• Work to complete
Within the entries below, the lines from the one with "Wholesale Electroplated Metal" through the one with "EX16 5NP map" are to be set down exactly, both ends kept.

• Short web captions
*** Block opens ***

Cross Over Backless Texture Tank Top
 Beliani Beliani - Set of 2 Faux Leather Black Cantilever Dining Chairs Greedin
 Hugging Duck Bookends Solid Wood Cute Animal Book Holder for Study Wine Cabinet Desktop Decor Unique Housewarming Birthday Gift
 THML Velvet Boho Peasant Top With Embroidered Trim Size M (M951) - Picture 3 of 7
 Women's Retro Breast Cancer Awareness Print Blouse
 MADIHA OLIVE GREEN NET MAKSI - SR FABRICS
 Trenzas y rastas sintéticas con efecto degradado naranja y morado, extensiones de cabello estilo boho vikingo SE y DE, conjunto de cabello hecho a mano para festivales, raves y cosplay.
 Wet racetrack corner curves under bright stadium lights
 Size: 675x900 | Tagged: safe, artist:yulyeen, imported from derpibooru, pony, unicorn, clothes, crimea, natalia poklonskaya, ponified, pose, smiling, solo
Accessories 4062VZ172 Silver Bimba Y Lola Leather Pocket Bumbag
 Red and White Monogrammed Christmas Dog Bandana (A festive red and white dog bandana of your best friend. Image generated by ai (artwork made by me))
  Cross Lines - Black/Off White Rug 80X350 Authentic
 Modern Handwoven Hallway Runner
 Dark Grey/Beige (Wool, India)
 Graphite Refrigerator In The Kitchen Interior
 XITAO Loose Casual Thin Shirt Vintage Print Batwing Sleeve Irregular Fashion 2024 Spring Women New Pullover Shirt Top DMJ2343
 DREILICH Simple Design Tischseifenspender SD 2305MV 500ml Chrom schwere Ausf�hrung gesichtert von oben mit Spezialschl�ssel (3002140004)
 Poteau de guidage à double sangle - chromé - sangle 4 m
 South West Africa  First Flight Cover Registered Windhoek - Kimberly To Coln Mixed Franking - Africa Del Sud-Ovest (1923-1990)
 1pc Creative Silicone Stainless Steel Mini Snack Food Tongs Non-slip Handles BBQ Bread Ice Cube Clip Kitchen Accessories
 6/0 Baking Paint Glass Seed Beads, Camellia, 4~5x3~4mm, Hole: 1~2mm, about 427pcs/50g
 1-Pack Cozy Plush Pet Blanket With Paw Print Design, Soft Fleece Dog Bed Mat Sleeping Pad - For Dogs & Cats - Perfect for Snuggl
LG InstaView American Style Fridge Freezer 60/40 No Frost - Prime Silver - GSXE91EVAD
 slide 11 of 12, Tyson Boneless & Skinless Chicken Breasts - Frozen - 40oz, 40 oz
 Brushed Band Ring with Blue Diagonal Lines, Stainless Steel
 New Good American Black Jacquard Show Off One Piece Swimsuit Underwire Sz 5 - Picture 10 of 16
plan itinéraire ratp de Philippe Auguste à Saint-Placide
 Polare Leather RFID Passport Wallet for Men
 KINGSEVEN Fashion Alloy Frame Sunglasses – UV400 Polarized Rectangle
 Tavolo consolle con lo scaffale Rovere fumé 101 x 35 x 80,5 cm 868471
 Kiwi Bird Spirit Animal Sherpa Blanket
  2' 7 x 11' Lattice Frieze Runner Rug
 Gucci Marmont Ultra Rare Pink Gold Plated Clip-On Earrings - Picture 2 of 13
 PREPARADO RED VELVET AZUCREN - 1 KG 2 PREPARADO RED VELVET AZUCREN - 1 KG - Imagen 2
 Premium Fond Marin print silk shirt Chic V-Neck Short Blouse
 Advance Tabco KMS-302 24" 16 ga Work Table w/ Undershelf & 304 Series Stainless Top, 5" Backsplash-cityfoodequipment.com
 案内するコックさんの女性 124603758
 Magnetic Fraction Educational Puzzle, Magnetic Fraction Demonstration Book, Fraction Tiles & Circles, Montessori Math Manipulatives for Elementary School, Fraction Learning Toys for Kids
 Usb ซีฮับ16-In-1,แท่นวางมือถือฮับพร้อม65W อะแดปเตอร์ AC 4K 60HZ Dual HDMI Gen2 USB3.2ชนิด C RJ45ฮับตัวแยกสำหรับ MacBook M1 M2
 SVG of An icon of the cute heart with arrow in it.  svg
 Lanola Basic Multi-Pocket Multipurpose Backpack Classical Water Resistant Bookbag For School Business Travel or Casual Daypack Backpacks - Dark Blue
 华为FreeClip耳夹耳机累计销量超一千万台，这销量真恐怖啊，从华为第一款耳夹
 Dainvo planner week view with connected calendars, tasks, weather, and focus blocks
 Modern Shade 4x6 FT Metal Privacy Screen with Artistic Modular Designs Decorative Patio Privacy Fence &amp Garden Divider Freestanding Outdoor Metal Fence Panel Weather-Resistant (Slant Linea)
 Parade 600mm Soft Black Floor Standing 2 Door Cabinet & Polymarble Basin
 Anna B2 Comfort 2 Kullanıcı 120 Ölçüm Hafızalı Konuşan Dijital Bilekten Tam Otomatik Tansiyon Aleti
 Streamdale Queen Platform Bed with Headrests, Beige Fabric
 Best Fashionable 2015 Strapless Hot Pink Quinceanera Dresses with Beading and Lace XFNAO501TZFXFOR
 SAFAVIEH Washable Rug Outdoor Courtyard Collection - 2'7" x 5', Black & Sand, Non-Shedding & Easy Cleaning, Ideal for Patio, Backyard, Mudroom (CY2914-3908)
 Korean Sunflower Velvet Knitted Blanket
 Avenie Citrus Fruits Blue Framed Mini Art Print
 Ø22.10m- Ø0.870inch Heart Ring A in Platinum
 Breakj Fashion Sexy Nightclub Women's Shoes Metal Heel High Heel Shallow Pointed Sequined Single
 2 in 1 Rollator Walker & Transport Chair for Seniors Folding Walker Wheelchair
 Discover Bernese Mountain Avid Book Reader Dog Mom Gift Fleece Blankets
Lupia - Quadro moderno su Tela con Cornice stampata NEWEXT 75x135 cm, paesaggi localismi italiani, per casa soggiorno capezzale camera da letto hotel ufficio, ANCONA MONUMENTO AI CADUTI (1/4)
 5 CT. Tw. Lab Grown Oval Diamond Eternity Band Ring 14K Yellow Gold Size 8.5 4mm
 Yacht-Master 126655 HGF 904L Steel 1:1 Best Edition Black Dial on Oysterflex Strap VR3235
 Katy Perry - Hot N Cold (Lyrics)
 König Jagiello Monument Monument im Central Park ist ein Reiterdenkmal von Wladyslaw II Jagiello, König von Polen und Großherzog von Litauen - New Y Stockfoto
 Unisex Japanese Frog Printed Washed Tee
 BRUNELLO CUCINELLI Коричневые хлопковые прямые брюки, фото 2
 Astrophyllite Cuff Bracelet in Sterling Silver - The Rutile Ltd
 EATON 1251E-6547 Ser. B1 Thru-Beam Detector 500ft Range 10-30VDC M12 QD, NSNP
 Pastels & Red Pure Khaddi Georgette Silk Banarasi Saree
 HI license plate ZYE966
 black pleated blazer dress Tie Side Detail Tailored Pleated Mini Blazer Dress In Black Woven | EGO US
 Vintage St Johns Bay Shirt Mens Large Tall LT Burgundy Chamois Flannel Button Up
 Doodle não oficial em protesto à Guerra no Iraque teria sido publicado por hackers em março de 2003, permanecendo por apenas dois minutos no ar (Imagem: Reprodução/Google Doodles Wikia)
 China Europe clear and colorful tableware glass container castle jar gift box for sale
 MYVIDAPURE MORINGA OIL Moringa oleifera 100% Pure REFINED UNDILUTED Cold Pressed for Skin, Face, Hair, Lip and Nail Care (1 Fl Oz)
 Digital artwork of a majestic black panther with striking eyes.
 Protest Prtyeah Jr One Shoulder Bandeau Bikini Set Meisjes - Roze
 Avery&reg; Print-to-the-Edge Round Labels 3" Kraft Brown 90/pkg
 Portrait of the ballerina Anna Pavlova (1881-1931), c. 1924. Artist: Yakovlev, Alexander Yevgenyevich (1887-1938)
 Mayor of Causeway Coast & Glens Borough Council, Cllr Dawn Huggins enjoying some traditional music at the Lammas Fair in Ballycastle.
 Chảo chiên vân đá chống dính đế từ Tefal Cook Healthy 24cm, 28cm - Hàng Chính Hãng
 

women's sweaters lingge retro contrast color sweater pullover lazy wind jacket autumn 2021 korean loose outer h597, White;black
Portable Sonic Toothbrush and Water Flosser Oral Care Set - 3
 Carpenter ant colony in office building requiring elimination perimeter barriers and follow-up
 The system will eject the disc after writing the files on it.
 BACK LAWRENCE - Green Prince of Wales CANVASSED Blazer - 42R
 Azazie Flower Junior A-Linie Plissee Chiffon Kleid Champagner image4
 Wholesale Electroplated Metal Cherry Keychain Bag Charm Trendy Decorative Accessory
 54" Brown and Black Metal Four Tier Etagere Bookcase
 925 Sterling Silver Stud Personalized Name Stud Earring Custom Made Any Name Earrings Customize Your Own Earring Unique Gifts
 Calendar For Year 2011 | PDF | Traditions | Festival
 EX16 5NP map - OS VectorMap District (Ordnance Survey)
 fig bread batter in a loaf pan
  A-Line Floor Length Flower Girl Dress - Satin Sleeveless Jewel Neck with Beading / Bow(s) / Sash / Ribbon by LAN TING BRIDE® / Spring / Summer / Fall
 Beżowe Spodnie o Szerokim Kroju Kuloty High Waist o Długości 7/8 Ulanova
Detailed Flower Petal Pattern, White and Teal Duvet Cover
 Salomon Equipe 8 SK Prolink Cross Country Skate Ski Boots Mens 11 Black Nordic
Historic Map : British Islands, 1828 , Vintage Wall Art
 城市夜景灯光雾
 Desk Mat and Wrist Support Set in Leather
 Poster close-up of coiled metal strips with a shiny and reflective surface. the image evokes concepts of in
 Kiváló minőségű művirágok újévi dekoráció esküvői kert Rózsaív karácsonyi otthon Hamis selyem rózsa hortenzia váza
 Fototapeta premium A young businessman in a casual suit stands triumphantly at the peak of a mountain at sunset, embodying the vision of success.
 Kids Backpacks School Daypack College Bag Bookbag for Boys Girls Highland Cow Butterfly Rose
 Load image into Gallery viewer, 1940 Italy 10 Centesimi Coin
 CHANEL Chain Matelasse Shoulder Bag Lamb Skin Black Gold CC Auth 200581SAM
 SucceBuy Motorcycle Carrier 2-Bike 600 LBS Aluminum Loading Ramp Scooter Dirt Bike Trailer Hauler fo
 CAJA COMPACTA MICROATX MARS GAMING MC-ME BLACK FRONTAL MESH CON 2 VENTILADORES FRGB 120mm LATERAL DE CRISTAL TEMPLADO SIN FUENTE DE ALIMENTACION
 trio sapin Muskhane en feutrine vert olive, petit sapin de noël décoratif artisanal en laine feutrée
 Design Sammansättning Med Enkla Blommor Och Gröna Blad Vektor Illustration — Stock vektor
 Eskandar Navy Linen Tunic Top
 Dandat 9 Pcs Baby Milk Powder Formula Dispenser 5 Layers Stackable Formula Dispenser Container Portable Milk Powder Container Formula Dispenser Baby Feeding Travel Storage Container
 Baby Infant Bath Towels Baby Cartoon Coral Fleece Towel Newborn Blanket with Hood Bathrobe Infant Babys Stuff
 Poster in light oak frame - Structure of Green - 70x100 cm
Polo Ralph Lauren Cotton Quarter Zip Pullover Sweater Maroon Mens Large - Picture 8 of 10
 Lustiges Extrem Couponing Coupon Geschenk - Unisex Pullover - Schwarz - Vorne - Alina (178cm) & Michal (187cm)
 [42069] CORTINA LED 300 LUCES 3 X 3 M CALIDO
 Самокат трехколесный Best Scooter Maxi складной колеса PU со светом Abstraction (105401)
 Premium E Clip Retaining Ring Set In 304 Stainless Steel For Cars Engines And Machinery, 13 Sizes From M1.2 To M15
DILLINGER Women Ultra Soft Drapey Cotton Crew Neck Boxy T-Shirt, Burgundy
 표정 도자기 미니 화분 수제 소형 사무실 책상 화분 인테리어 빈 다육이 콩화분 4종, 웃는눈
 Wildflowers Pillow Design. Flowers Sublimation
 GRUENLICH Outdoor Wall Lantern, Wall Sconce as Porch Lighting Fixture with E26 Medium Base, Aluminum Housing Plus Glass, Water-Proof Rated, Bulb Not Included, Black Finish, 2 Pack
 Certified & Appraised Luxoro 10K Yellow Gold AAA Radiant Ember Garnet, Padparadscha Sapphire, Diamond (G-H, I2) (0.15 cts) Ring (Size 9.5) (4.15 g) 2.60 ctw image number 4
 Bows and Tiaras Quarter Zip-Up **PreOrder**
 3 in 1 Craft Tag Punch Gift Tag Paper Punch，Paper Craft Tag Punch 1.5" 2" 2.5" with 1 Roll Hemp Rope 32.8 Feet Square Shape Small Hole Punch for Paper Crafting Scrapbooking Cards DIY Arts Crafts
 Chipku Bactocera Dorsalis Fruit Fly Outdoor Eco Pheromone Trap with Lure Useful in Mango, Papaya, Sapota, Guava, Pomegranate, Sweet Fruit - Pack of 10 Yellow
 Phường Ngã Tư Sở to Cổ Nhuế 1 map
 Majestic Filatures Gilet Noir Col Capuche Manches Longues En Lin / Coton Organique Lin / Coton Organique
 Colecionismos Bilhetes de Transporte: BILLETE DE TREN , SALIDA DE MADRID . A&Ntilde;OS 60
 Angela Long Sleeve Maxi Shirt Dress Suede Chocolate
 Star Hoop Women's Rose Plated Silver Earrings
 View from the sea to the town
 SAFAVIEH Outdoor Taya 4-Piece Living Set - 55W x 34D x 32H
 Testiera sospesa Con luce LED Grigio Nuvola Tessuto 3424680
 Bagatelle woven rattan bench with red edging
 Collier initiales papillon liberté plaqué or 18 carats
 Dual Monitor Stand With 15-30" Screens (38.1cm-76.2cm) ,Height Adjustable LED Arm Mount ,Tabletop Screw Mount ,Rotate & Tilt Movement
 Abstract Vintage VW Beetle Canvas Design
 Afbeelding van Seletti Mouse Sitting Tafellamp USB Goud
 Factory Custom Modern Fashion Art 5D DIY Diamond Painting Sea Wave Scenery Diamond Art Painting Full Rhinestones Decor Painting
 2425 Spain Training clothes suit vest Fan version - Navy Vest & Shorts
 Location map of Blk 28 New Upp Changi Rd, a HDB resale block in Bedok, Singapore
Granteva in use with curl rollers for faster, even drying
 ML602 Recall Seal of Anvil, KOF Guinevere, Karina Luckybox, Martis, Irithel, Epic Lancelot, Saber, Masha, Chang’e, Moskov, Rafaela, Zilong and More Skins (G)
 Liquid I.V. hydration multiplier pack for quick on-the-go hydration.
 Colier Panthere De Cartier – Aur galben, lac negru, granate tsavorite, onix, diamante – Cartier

*** Block closes ***

• Expected answer
 Wholesale Electroplated Metal Cherry Keychain Bag Charm Trendy Decorative Accessory
 54" Brown and Black Metal Four Tier Etagere Bookcase
 925 Sterling Silver Stud Personalized Name Stud Earring Custom Made Any Name Earrings Customize Your Own Earring Unique Gifts
 Calendar For Year 2011 | PDF | Traditions | Festival
 EX16 5NP map - OS VectorMap District (Ordnance Survey)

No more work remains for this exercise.